Autos

Chinese electric car company Xpeng predicts chip shortage will last another quarter

Xpeng Motors launches the P5 sedan at an event in Guangzhou, China on April 14, 2021. The P5 is Xpeng’s third production model and features so-called Lidar technology.

Arjun Kharpal | CNBC

BEIJING — Chinese electric car start-up Xpeng expects the global chip shortage will persist for at least another three months.

Automakers around the world have had to cut production due to a shortfall in semiconductors, or chips. High demand for electronics, U.S.-China trade tensions and a major factory fire have affected the highly specialized industry’s ability to manufacture enough chips.

“What we’ve seen is that this tight situation will continue for the next quarter or so,” Brian Gu, vice chairman and president of Xpeng, said Friday on CNBC’s “Squawk Box Asia.”

The challenge is “the visibility of chip supplies is by the minute,” Gu said. “We are paying very, very close attention to the situation. Right now, the impact is limited and it’s reflected in our guidance.”

Xpeng’s U.S.-listed shares fell nearly 4.9% in Thursday’s trading session despite the start-up reporting greater-than-expected revenue of 2.95 billion yuan ($456.7 million) for the first quarter.

The stock is now down nearly 45% for the year so far, but still holds gains of more than 50% from its IPO in August.

Xpeng expects to deliver between 15,500 and 16,000 vehicles in the second quarter. The company said it delivered 13,340 cars in the first three months of the year, topping its forecast for 12,500 cars.

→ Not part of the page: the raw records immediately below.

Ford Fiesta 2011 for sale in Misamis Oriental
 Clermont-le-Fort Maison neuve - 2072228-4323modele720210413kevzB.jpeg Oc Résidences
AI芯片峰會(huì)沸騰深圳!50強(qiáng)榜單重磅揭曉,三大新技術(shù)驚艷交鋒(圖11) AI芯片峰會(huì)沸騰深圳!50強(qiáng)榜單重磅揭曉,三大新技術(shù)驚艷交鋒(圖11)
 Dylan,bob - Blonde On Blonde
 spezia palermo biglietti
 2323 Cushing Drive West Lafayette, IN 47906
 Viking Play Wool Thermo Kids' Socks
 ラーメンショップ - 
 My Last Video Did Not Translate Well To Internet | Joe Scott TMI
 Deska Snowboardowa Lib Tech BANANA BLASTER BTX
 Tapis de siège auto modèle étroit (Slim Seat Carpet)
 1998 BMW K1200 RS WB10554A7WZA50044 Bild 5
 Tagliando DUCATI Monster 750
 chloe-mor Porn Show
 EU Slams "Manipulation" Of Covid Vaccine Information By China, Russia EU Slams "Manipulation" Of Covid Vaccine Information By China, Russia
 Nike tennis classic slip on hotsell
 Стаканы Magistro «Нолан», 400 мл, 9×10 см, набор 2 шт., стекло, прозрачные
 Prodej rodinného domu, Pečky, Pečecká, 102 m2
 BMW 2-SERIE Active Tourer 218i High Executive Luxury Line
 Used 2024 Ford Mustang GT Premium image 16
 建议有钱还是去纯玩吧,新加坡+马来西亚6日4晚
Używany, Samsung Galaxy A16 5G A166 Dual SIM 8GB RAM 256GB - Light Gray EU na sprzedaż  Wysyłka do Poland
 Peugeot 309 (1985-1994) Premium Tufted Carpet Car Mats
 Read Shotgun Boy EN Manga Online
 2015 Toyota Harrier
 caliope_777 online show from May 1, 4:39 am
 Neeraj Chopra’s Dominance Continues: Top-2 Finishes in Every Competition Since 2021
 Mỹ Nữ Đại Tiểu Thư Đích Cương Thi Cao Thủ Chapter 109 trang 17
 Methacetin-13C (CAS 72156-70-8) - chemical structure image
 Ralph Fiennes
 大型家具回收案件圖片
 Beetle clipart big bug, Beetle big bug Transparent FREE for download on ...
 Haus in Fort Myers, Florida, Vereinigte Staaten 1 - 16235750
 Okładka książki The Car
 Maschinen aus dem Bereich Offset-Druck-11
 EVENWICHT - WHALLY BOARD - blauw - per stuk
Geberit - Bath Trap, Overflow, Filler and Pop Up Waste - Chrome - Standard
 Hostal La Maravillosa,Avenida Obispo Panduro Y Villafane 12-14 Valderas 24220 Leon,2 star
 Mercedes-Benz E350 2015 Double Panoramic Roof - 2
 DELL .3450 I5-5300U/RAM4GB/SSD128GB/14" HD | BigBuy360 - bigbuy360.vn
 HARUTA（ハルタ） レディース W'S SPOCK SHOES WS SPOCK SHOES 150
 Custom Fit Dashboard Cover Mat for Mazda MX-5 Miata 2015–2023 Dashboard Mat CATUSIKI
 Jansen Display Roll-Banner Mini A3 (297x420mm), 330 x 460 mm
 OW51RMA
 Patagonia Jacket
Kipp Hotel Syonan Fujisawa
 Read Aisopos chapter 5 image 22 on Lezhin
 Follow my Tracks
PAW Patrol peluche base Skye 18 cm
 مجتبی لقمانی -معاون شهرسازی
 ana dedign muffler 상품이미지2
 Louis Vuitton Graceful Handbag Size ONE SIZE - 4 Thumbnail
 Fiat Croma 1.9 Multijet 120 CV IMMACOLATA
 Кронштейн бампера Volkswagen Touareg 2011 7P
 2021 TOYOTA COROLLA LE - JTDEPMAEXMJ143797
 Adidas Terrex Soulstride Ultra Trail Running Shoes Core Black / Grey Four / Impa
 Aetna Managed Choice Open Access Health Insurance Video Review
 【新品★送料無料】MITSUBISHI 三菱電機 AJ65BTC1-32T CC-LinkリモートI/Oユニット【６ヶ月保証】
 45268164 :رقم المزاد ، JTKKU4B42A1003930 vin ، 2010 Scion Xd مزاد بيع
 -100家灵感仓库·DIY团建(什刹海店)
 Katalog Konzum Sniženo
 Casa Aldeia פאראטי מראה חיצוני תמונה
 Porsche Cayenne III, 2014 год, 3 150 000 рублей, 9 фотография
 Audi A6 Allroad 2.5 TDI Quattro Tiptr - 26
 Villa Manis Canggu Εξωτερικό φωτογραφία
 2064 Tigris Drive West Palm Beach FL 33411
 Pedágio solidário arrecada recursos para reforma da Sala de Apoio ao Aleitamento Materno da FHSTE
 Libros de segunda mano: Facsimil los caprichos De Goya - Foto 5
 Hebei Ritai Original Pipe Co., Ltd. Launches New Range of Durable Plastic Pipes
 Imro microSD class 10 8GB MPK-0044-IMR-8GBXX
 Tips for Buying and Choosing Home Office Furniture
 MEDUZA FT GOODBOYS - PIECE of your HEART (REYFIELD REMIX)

Growing revenue from software

While car sales account for the majority of Xpeng’s revenue, the company noted first-quarter results were helped by customer demand for its assisted driving software. The start-up said it recorded revenue from the software for the first time after a rollout of an upgrade to paying customers in the first quarter.

Gu said on CNBC that more than 25% of customers have paid for the assisted driving software in the last month, up from 20% last quarter. He expects greater use of Xpeng’s software and lower vehicle production costs will increase the company’s margin in the near future.

Later this year, Xpeng plans to launch a second electric sedan, the P5, which includes support for the latest version of the start-up’s assisted driving software.

Vehicle margin, a measure of profitability, rose to 10.1% in the first quarter, up from 6.8% in the prior quarter. The company did report a year-on-year increase in net losses, of 786.6 million yuan in the first quarter, versus 649.8 million yuan during the same period last year. Research and development expenses rose 72.2% from a year ago to 535.1 million yuan.

Moving ahead into Europe

Xpeng pressed ahead with its European expansion plans in the first quarter by delivering more than 300 units of its G3 SUV to Norway, according to the company. The start-up had sent 100 of the cars to the market in December. Xpeng expects to begin delivering its P7 sedan to Norway in the second half of the year.

Competition in that overseas market is set to pick up with rival Chinese electric car maker Nio’s plans to open a showroom and begin deliveries in Norway later this year. Nio’s shares fell 7.3% Thursday and are down nearly 36% for the year so far.